-- Your goal --
All of the records below are to be output exactly; no image belongs in the result.

───── Working data

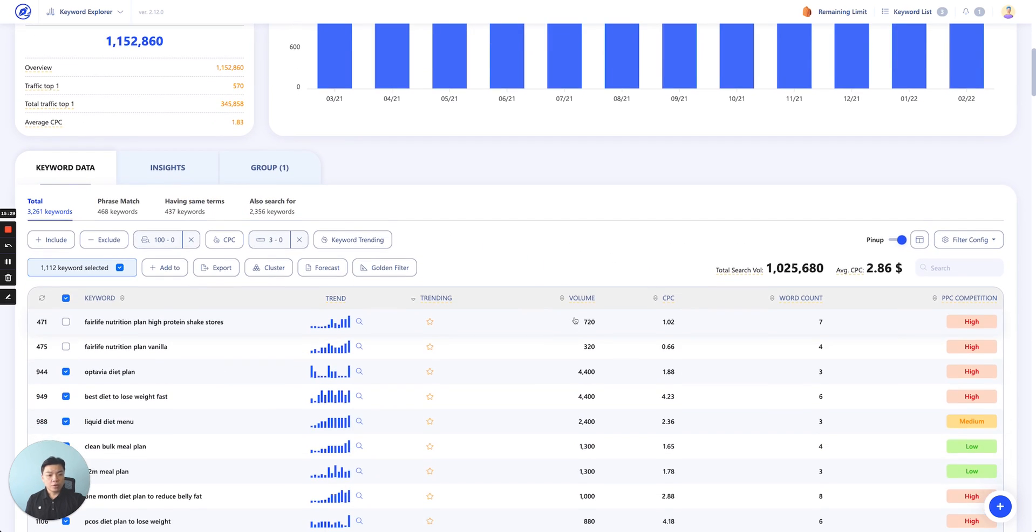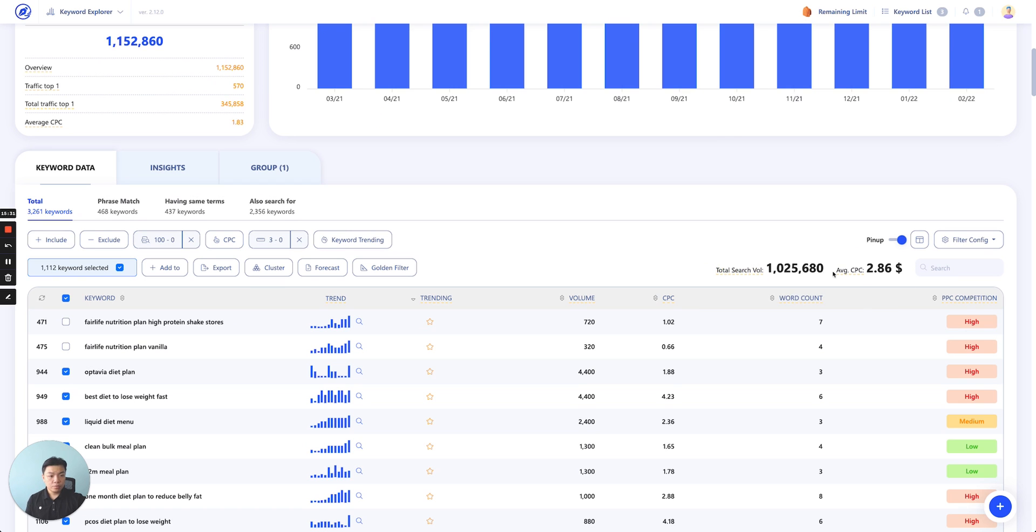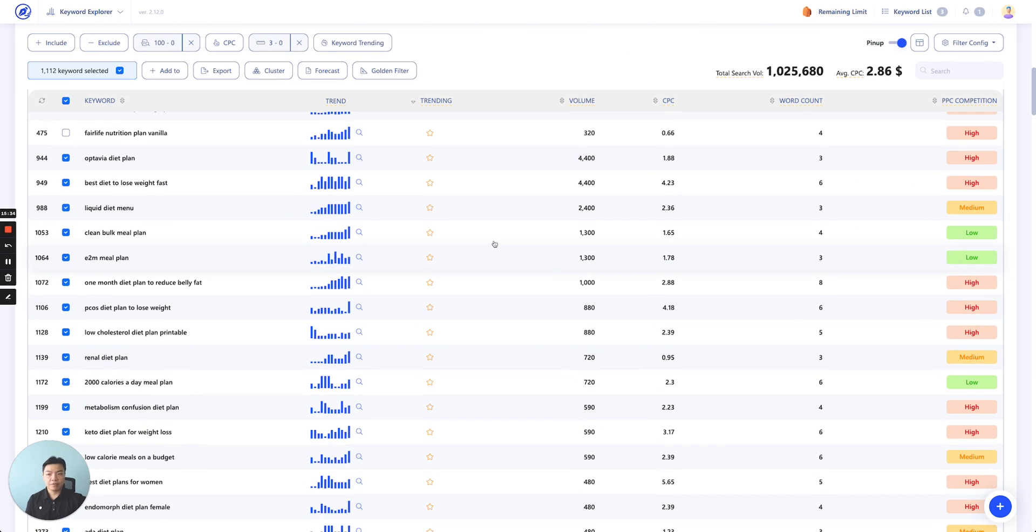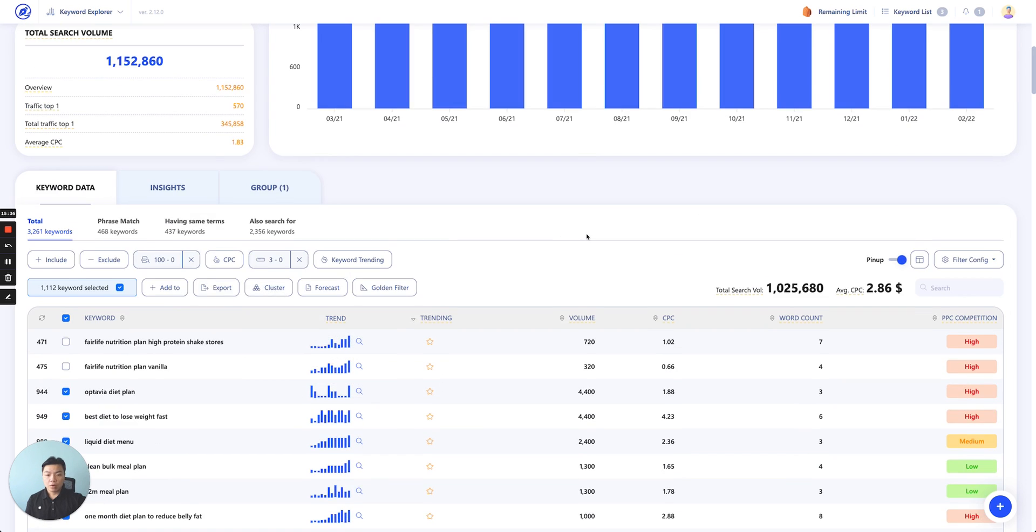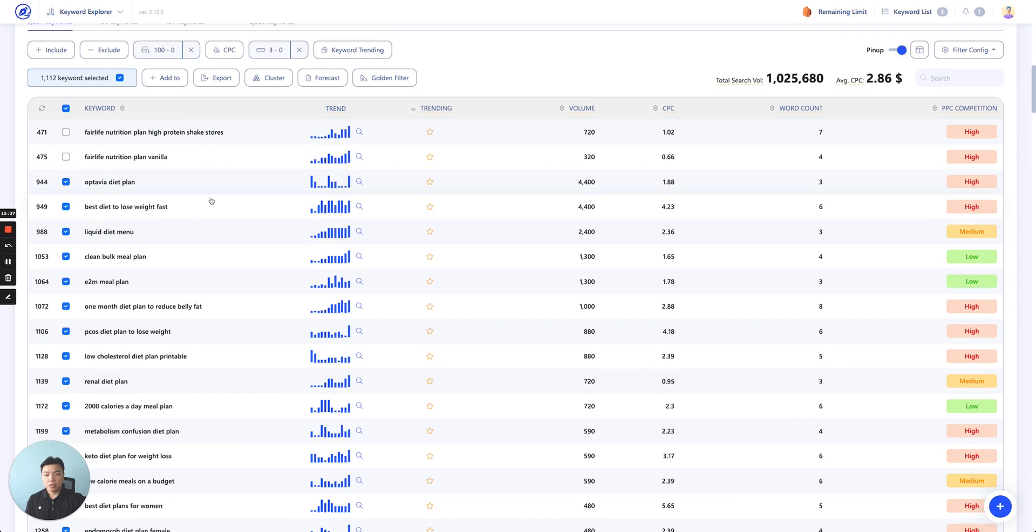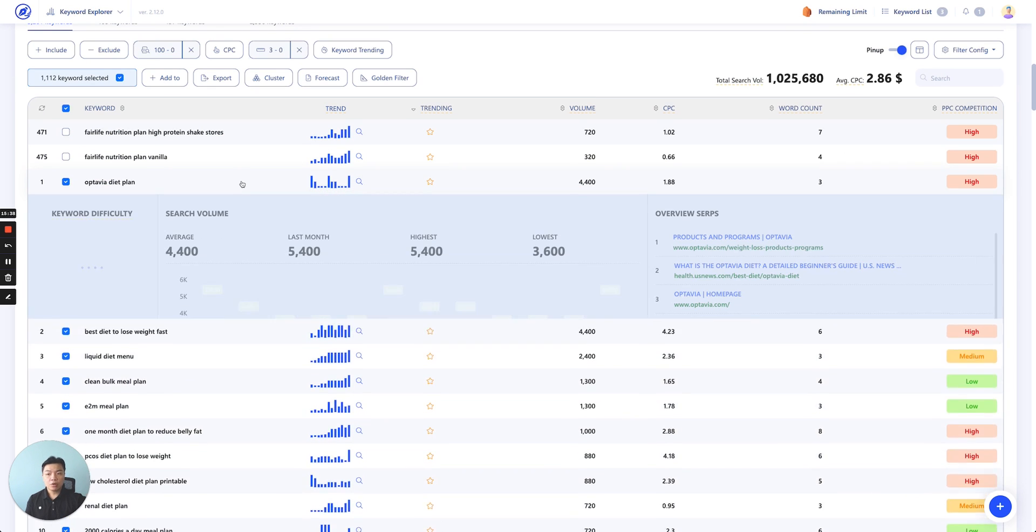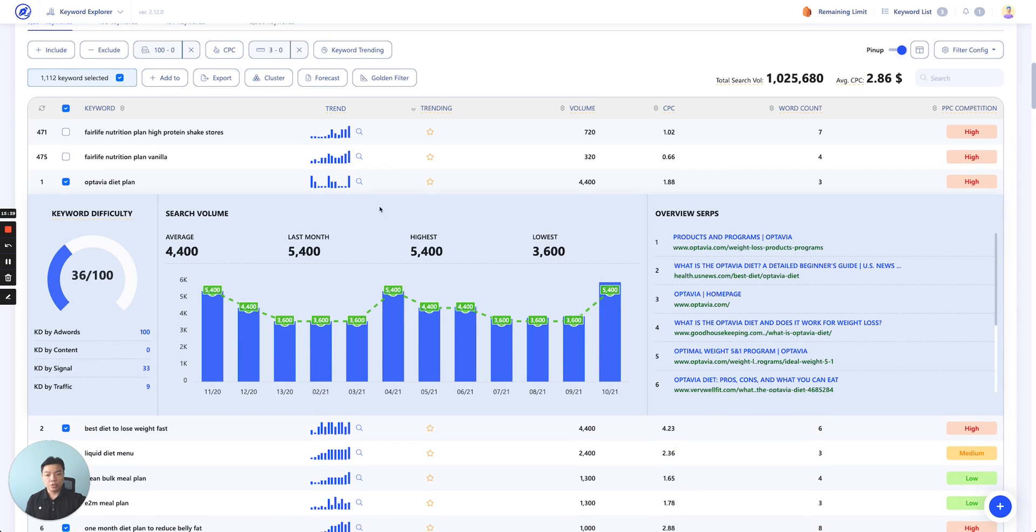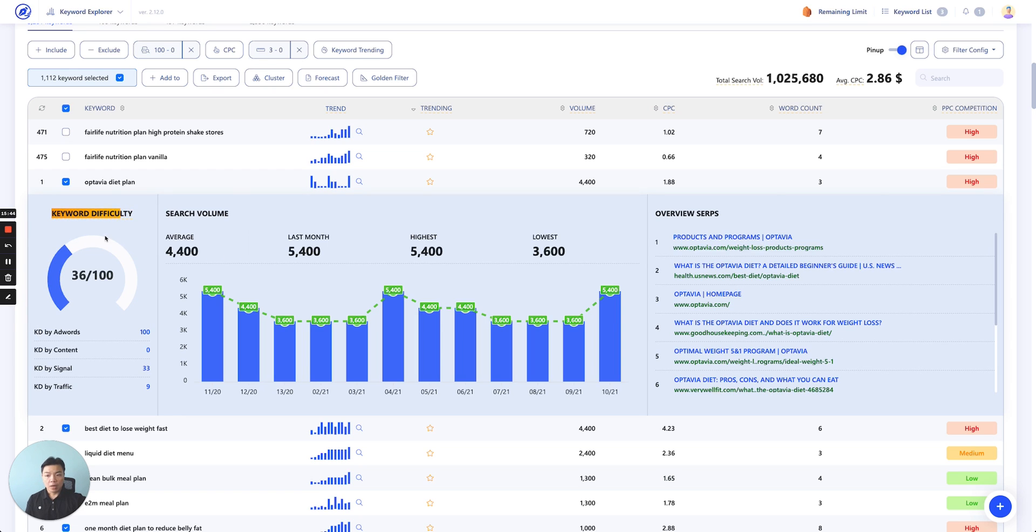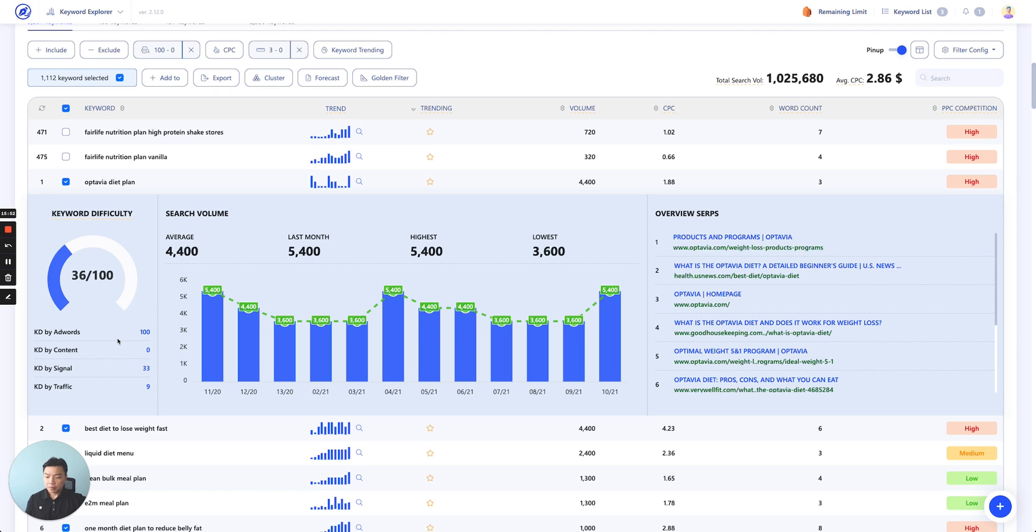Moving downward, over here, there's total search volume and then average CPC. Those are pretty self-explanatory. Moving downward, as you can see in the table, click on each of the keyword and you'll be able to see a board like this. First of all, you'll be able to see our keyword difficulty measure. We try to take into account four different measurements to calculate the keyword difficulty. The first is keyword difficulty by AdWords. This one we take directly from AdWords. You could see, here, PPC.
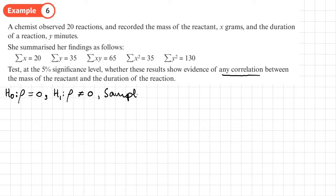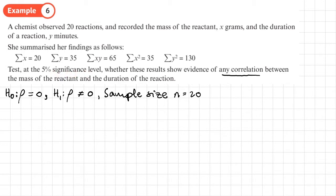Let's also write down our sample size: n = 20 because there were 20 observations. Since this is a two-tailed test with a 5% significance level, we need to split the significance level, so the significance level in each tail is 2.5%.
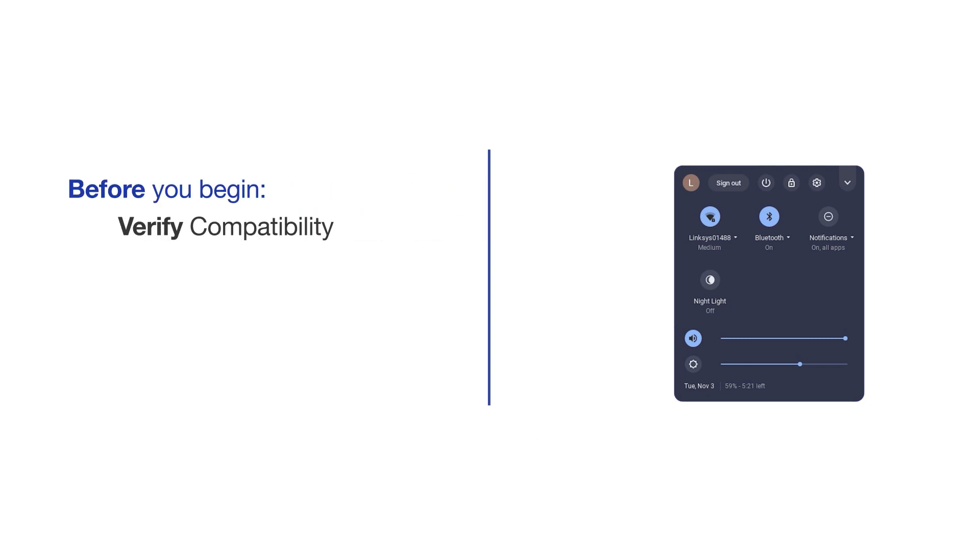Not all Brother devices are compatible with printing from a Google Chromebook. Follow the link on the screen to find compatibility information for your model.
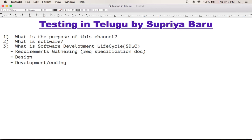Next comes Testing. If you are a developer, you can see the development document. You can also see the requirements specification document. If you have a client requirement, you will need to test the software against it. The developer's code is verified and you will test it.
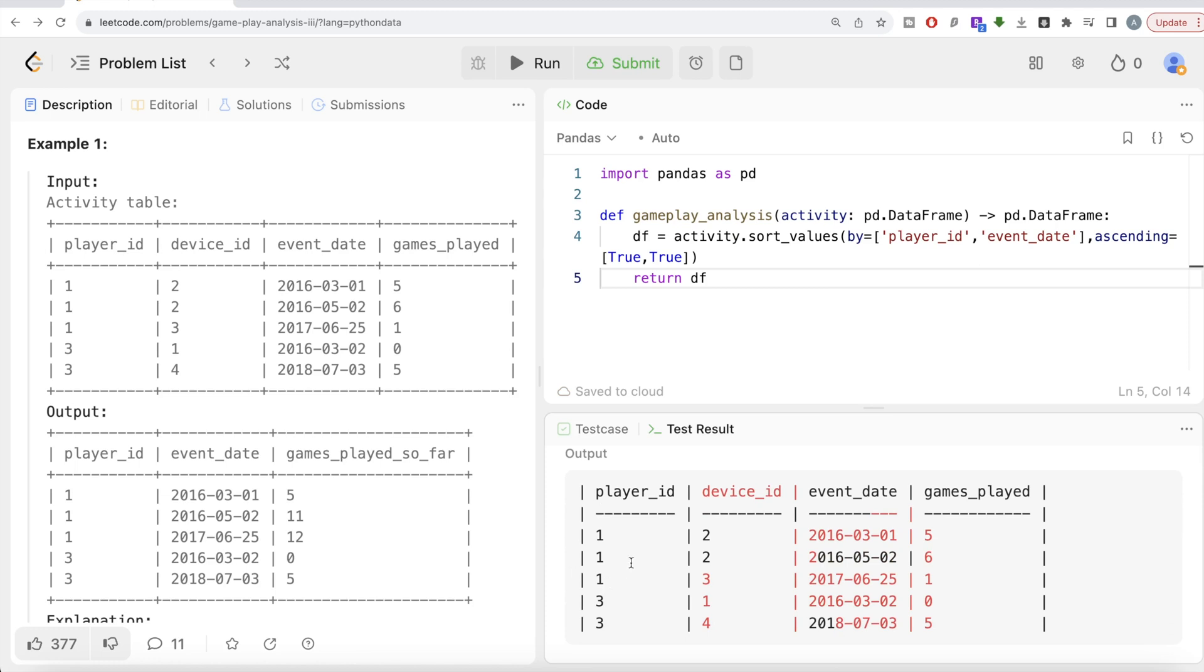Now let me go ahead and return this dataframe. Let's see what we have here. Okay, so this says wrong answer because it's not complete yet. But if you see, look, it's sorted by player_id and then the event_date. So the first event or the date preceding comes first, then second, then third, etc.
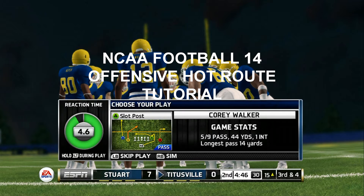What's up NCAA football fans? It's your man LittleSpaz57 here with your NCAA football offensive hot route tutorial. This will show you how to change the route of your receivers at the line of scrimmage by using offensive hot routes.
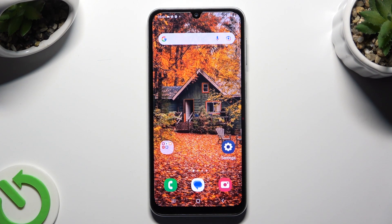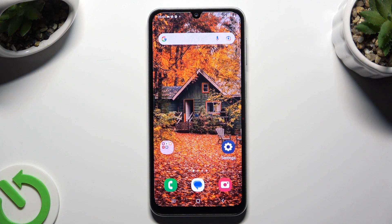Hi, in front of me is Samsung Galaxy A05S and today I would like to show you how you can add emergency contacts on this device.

──────────

-- Response --
Moving downward, over here, there's total search volume and then average CPC. Those are pretty self-explanatory. Moving downward, as you can see in the table, click on each of the keyword and you'll be able to see a board like this. First of all, you'll be able to see our keyword difficulty measure. We try to take into account four different measurements to calculate the keyword difficulty. The first is keyword difficulty by AdWords. This one we take directly from AdWords. You could see, here, PPC.
Let's also write down our sample size: n = 20 because there were 20 observations. Since this is a two-tailed test with a 5% significance level, we need to split the significance level, so the significance level in each tail is 2.5%.
Not all Brother devices are compatible with printing from a Google Chromebook. Follow the link on the screen to find compatibility information for your model.
Next comes Testing. If you are a developer, you can see the development document. You can also see the requirements specification document. If you have a client requirement, you will need to test the software against it. The developer's code is verified and you will test it.
Now let me go ahead and return this dataframe. Let's see what we have here. Okay, so this says wrong answer because it's not complete yet. But if you see, look, it's sorted by player_id and then the event_date. So the first event or the date preceding comes first, then second, then third, etc.
What's up NCAA football fans? It's your man LittleSpaz57 here with your NCAA football offensive hot route tutorial. This will show you how to change the route of your receivers at the line of scrimmage by using offensive hot routes.
Hi, in front of me is Samsung Galaxy A05S and today I would like to show you how you can add emergency contacts on this device.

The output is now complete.